Tissue distribution studies of 99mTc-GAP-EDL were performed in rats bearing 13762 MAT B III cell tumors (7). The animals (n = 3 per time point) were injected with either 99mTc-GAP-EDL or 99mTc-GAP and euthanized 0.5–4 h later. Selected tissues from the animals were excised, collected, and counted for incorporated radioactivity. Radioactivity levels, given as % injected dose/gram (%ID/g) for tumor/muscle increased as a function of time and were significantly higher (P<0.05) 4 h after administration for animals injected with 99mTc-GAP-EDL (7.92 ± 0.56% ID/g) compared to those injected with 99mTc-GAP (6.01 ± 0.05% ID/g). Similar observations were also made for the uterus/muscle and uterus/blood count ratios.

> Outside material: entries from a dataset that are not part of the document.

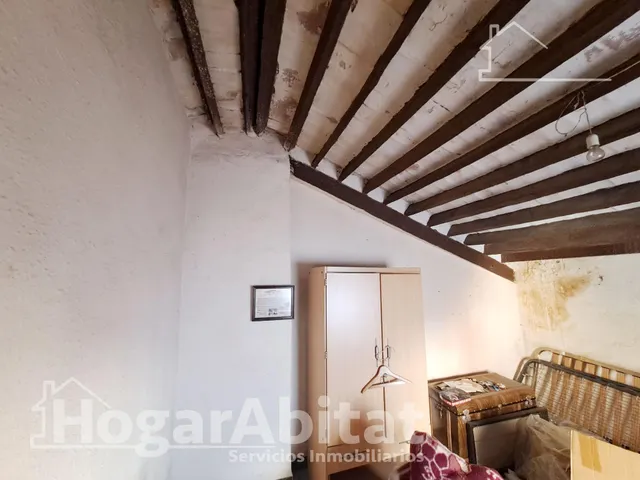 AMPLIA CASA CON 2 TERRAZAS PARA REFORMAR EN EL CENTRO — 24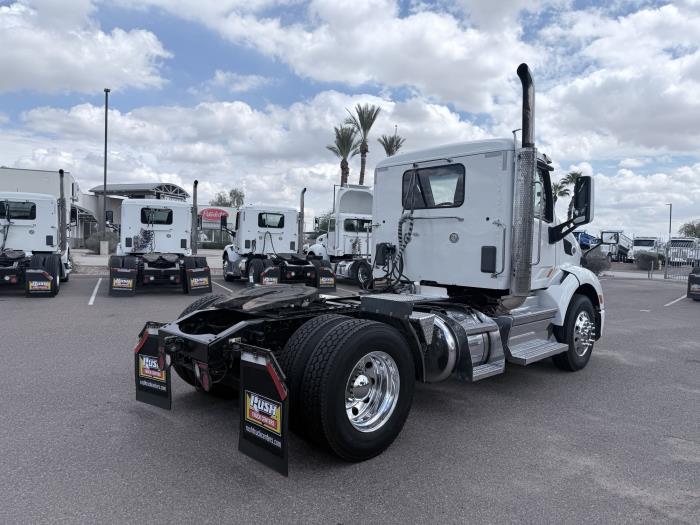 2018 Peterbilt 579-4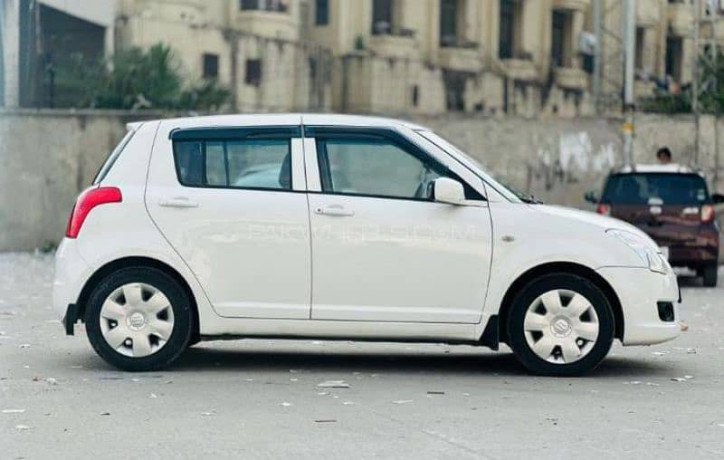 suzuki-swift-2011-big-2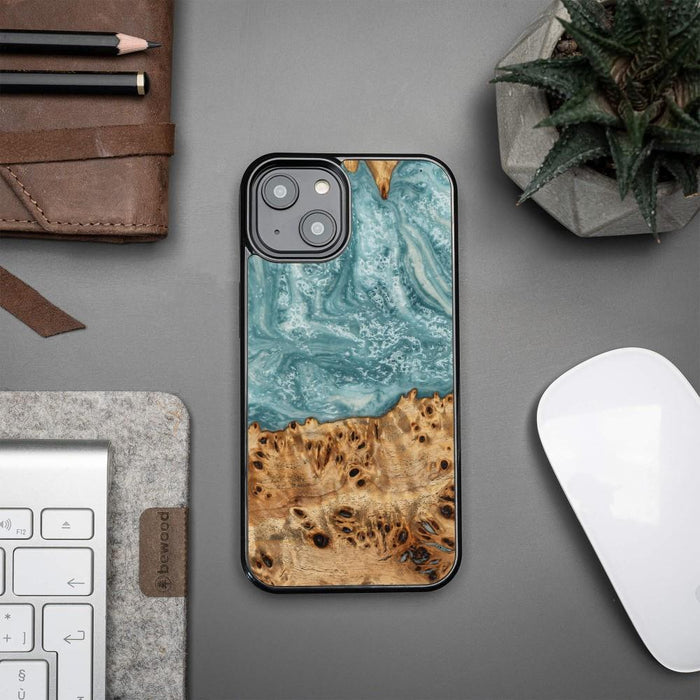 Wood and resin case for iPhone 15 Plus Bewood Unique Uranus - blue and white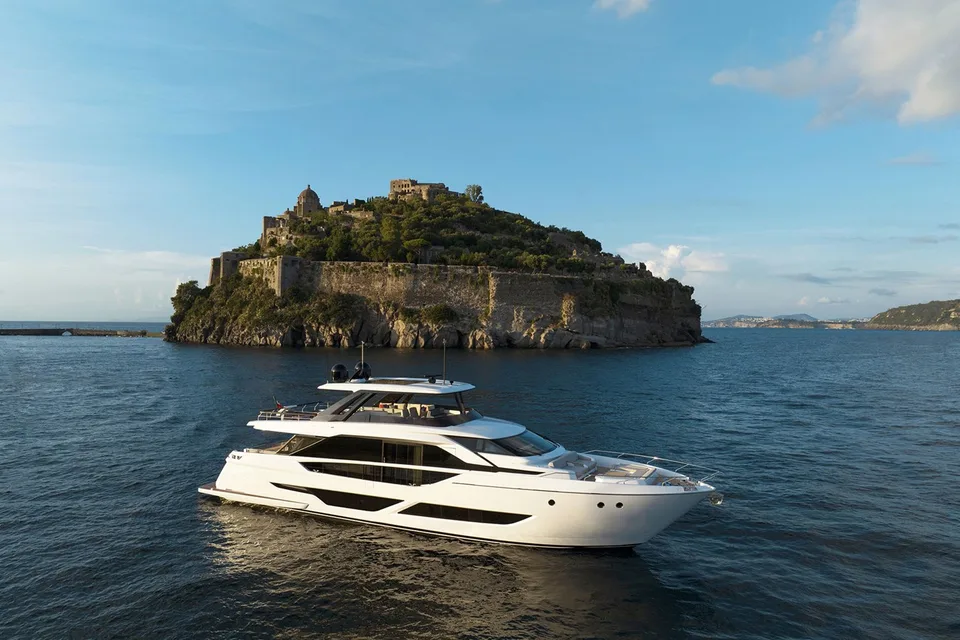 Ferretti Yachts 860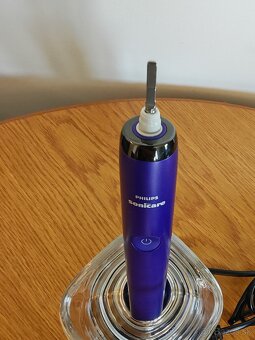 Philips Sonicare elektrická zubná kefka v top stave - 3
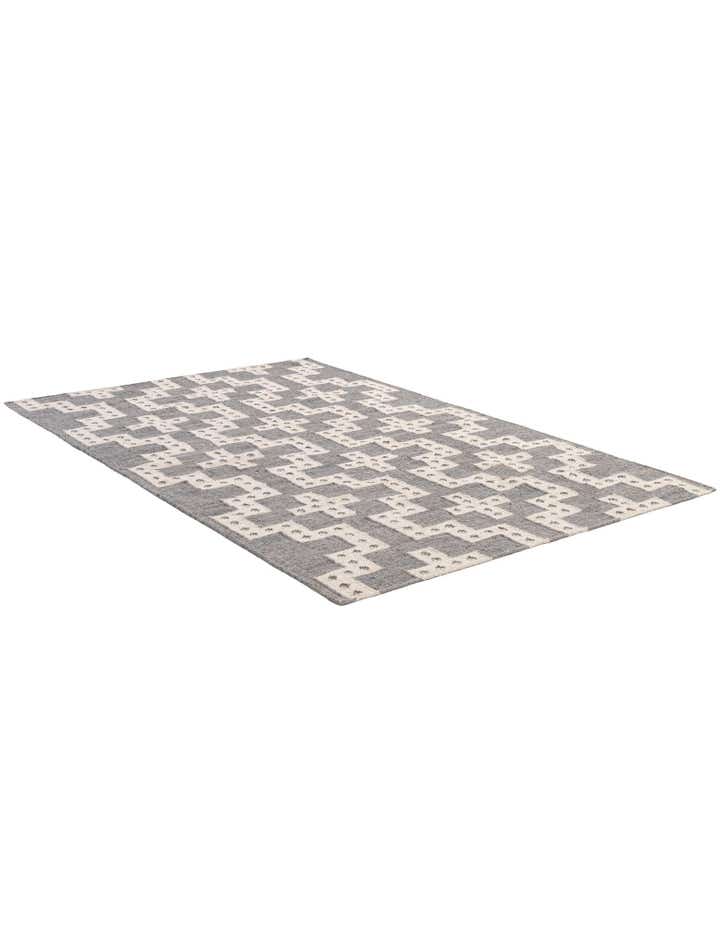 5' 1 x 8' Hand Woven Kilim Wool Rug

Planar scintigraphy with 99mTc-GAP-EDL and 99mTc-DTPA was also performed on rats bearing 13762 MAT B III cell tumors (7). In blocking studies, the rats were treated with DES 1 h before administration of 99mTc-GAP-EDL. Region-of-interest analysis of the planar images 0.5 and 4 h after administration of the labels showed that the tumor/muscle ratios were 1.67–2.95 and 1.26–1.75 for 99mTc-GAP-EDL and 99mTc-DTPA, respectively. In the blocking study, the ratios were 1.98–2.39 and 1.21–1.63 for 99mTc-GAP-EDL and the DES pre-treated animals, respectively.

Other Non-Primate Mammals


The use of 99mTc-GAP-EDL for the detection of endometriosis was evaluated in a rabbit model (7, 9). An established procedure was used to induce endometriosis in the animals (10). Eight weeks after surgery, 99mTc-GAP-EDL was intravenously administered to the animals, and scintigraphic images were obtained 0.5–2 h after the injection. The rabbits were then euthanized, and the grafts were excised for histological examination. In comparison to the surrounding tissue, the uterus, ovaries, and the implants showed an increased uptake of 99mTc-GAP-EDL. The radiotracer was also detected in the microinvasive endometrial tissue. A microscopic examination of the tissue supported the observations made after imaging. From these observations the investigators suggest that 99mTc-GAP-EDL was taken up by the tissue through an ER-mediated process. No blocking studies for 99mTc-GAP-EDL uptake were reported.

Non-Human Primates


No publications are currently available.

Human Studies


No publications are currently available.